Obviously Awesome
Obviously Awesome
My notes on "Obviously Awesome" by April Dunford

Intro

  1. In order to do better marketing, understand your value and differentiators better
  2. Understand what makes a best-fit customer
  3. Positioning is a fundamental input to every business tactic you use
  4. If you fail at positioning, you fail at marketing and sales
  5. Positioning is "conext setting" for products
  6. Customers need to be able to easily understand
    1. What your product does
    2. Why it is special
    3. Why it matters to them
  7. If your prospects can't figure out what your product does quickly, they will invent a position for you. It might hide your key strengths or misunderstand your value.
  8. Find people to demo your product to, then ask them to describe it back to you. Do the same with existing customers. If they're not saying the same thing then you have a positioning problem.
  9. Products with strong positioning:
    1. Find the best kind of customer
    2. Make the value obvious
    3. Sell quickly

Part 1

Positioning as context

  1. Without positioning to guide us, we don't know how to understnad a product
  2. Positioning lets us make assumptions about
    1. who a product is for
    2. what its main features are
    3. how much it costs
  3. Without it we would be paralyzed by choice, and we wouldnt be able to make sense of all the products around us.
  4. The context and purpose of a product from the founders/engineers perspective are often different to those of the prospect
  5. Products can be positioned in multiple ways, and often the best positioning is not the default positioning
  6. Bad positioning makes it harder for prospects to figure out if your product is worth thinking about.
  7. Positioning requires considering:
    1. Customers point of view - what problem/pain does it solve
    2. The ways your product is uniquely different
    3. The characteristics of a potential customer
    4. The best market context to make your value uniquely obvious

Five (plus one) components of effective positioning

  1. Competitive Alternatives - if you didn't exist, what would your customers use instead?
    1. Its what your prospects would use to do the task if your product didn't exist. It could be excel, or pen and paper. It could be nothing, (in which case maybe you product doesn't solve a real pain point.)
    2. You probably know a lot more about your market, and problem, and alternative solutions, than your prospects do. ("Doing nothing" could be an opportunity, not a red flag.)
    3. Its important to understand what customers will compare your product with, because this is how they will define "better". Is it "easier" than a pen and paper?
    4. Customers might never have purchased a solution like yours before.
  2. Unique Attributes - What do you have that alternative do not?
    1. Could be:
      1. Delivery Model (online vs offline, installed on-site vs not)
      2. Business model (rental vs purchase)
      3. Specific expertise (data scientist with financial and back-end web dev expertise)
  3. Value (and quantifiable objective proof) - What value do the attributes enable for customers?
    1. If unique attributes are your secret sauce, the value is why someone might care about your secret sauce
    2. Fact based, provable, demonstrable, quantifiable, objective.
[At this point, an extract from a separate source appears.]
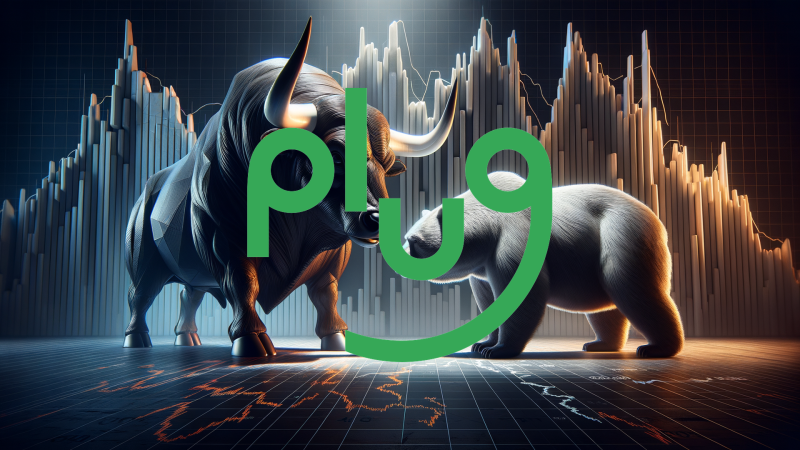 Beitragsbild zu Plug Power Aktie: Vertrauen bröckelt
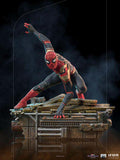 Spider-Man NWH 1/10 Statue - Peter Parker iron studios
Third party opinions are relevant.
  4. Target market characteristics - Who cares a lot about that value?
    1. Focus on customers who are most likely to purchase quickly, wont ask for discounts, will tell their friends about you.
    2. You should clearly identify who these are and
    3. Identity what sets them apart from other groups of customers. Why are they uniquely likely to buy from you when others wouldnt or would take longer to consider and make a purchase
  5. Market Category - What context makes your value obvious to the ideal customer?
    1. Declaring that your product exists in a certain market triggers a powerful set of assumptions
    2. make these assumptions help you, not hinder you.
    3. When presented with your product, customers will try to use what they already know to figure out what your product is all about and why its special. You want them to be able to do this really quickly and easily.
    4. Make these assumptions work for you, not against you. You won't have to list every feature, because most of them will be assumed by the context of the market category.
    5. Get it right, and sales efforts (copy) wont be wasted battling those assumptions, but can instead build off of them to show secret sauce and value more obviously.
  6. (Bonus) Relevant Trends - what trends make your product relevant right now?
    1. Used carefully, trends can show prospoects why they should pay attention to your product right now. Increases urgency.
    2. It can increase urgency, excitement, coolness, credibility
    3. but the trend must be directly relevant, practically and objectively applicable.
    4. Blockchains, AI, ML are trends - they are relevant to multiple markets.